## Work to be completed
Return every entry exactly as written, with the pictures removed.

++++ Source data

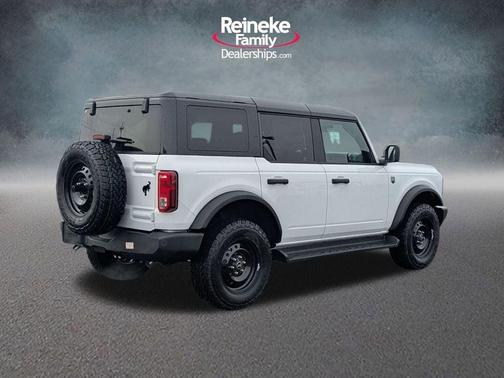 Oxford White 2026 Ford Bronco Big Bend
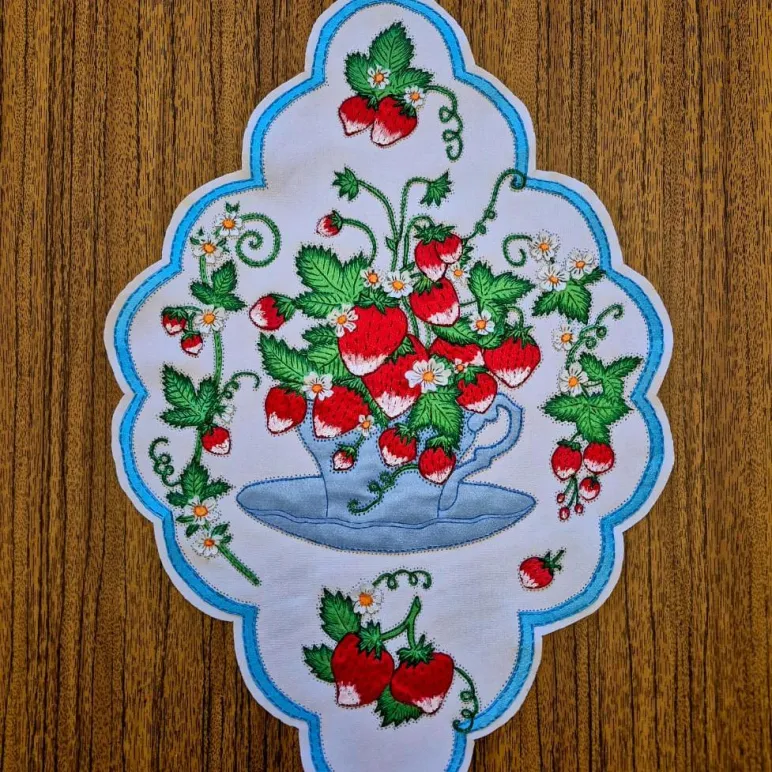 Салфетка "Клубника в чашке", создана методом гильоширования. Ручная работа
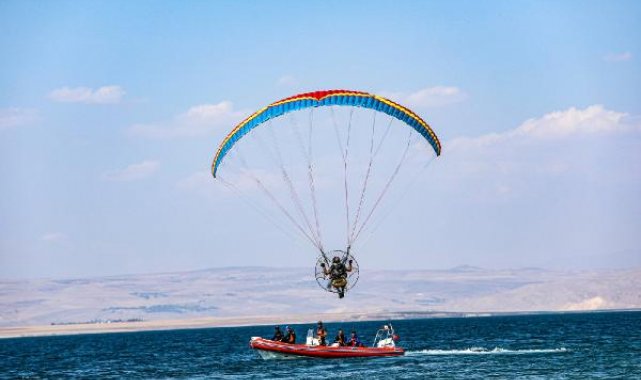 Van Gölü sahilinde yamaç paraşütü ve paramotor şampiyonası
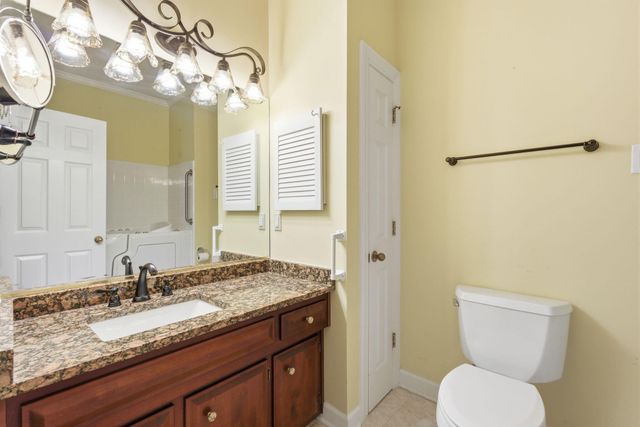 2917 Tabor Oaks Lane, Lexington, KY 40502
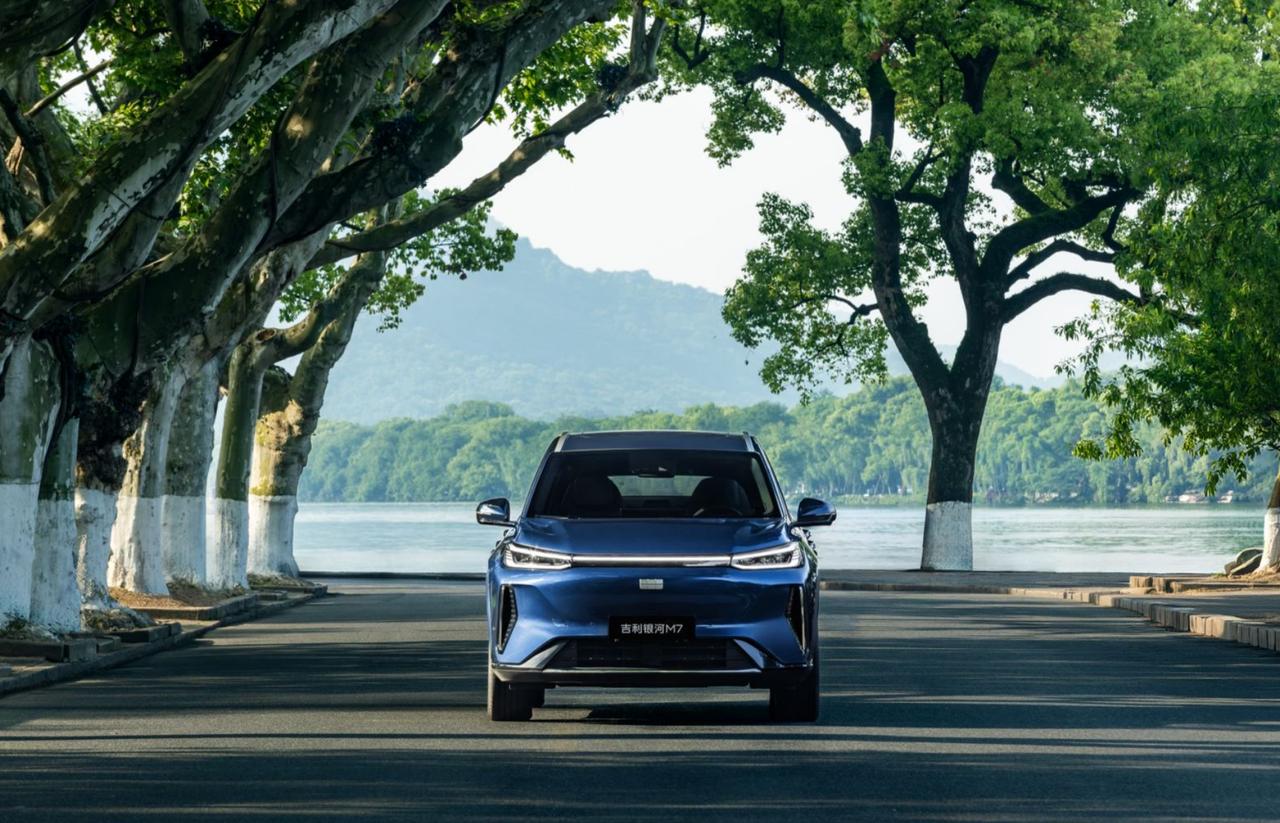 10.98万起，吉利银河M7远航家把长续航从卖点变成了标配
 
电混SUV市场有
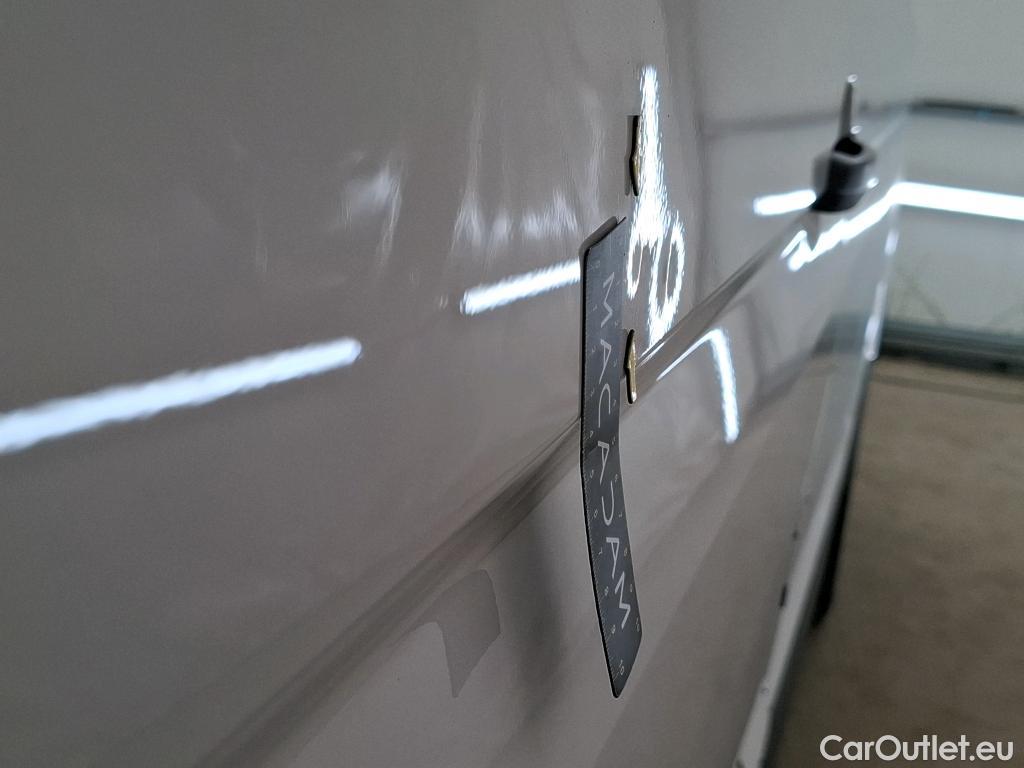  Volkswagen  Crafter  Fourgon Fourgon 30 mittlerer Radstand mit Hochdach FWD 2.0 #69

++++++++

## Result of this exercise
 Oxford White 2026 Ford Bronco Big Bend
 Салфетка "Клубника в чашке", создана методом гильоширования. Ручная работа
 Van Gölü sahilinde yamaç paraşütü ve paramotor şampiyonası
 2917 Tabor Oaks Lane, Lexington, KY 40502
 10.98万起，吉利银河M7远航家把长续航从卖点变成了标配
 
电混SUV市场有
  Volkswagen  Crafter  Fourgon Fourgon 30 mittlerer Radstand mit Hochdach FWD 2.0 #69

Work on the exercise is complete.